Aslında bir sıvıda kaç tane hidrojen iyonu veya hidroksil grubu bulunduğu hakkında bir fikir verir.
Gösterge neden önemlidir?
Birçok uzman, en ufak bir değişikliğin akvaryum sakinleri üzerinde son derece zararlı bir etkiye sahip olduğunu varsaymaktadır. Sonuçta, pH değeri 6,5 olan su, 0,1 puan daha fazla göstergesi olan sudan çok daha asidik olacaktır. Bazı nedenlerden dolayı, faunanın doğal koşullarda tüm temsilcilerinin nispeten dar ve sabit bir pH seviyesine sahip suda yaşadığına inanılmaktadır. Bu nedenle akvaryumcular, balıkların bu göstergelerdeki değişikliklere uyum sağlama yeteneğine sahip olmadığını ve en ufak bir sapmada hemen öldüğünü varsayar.
Aslında, doğal koşullar altında suyun pH seviyesi oldukça kararsızdır. Örneğin, Hint Okyanusu'nda bu parametre gündüz geceden daha yüksek olacaktır. Ayrıca ilkbaharda daha yüksektir ve sonbaharda azalır. Bunun nedeni, yaprakların suya girmesi ve müteakip çürümesinin yanı sıra, özellikle muson yağmurları olmak üzere çeşitli yağışlardır.
asitlik oranları
Asitlik standartları 0 ile 14 arasında değişir.Minimum seviye 0.14'tür. Bu, suyun en yüksek alkaliliğe sahip olduğu anlamına gelir. Nötr bir ortam 7'de olacaktır. Düşük bir pH, yüksek miktarda hidrojen iyonu olduğunu gösterir, bu nedenle su asidiktir. Yüksek bir pH değeri, suyu alkali yapacak yüksek bir hidroksit iyonu içeriğine işaret eder. Ve nötr, nötr bir pH'a sahip olacaktır. 5.5 - 7.5 aralığında bir gösterge ile öyle.

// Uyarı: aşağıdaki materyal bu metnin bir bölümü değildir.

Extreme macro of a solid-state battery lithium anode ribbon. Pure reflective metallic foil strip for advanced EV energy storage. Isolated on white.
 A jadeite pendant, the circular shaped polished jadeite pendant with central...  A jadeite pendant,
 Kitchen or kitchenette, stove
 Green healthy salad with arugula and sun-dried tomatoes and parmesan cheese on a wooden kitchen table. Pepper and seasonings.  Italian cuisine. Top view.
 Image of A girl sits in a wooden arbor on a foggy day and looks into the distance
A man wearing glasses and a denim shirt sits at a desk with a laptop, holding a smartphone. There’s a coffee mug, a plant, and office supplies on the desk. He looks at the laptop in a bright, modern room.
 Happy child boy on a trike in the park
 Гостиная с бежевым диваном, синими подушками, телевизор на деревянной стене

Çoğu balık, pH değeri 5.5 ila 9 olan suda yaşar. Ancak bu göstergenin hem yukarı hem de aşağı sapmalarına uyum sağlayabilen türler var. Genel olarak, akvaryum sakinleri, bu göstergeye göre suyun gerekli olana uymadığı gerçeğine sakince tepki verecektir. Balık tutarken, karakteristik çok fazla önemli değil. Ancak üreme hakkında konuşuyorsak, suyun asitliğinin değerinin rolünü abartmak zordur.
Birçok yumurtlama örneği pH nötralizasyonu gerektirir. Bu, balık yetiştiriciliğinin teşvik edilmesini sağlar.
azaltmak anlamına gelir
Bu konuyu ele almadan önce, neden bu seviyedeki bir düşüşün genellikle bir artış değil de düşünüldüğünü anlamak gerekir. Gerçek şu ki, çoğu durumda akvaryumlar için musluk suyu kullanılır. pH'ı 8'de nispeten stabildir. Hemen hemen tüm balık türleri için bu rahat olacaktır. Ancak, örneğin Ramirez'in apistogramları, diskleri veya bazı labirentleri gibi daha zorlu balıkları tutmaktan bahsedersek, o zaman su sertliğini değiştirmeniz ve suyun pH seviyesini düşürmeniz gerekecektir. Bunun için aşağıdaki yöntemleri kullanabilirsiniz.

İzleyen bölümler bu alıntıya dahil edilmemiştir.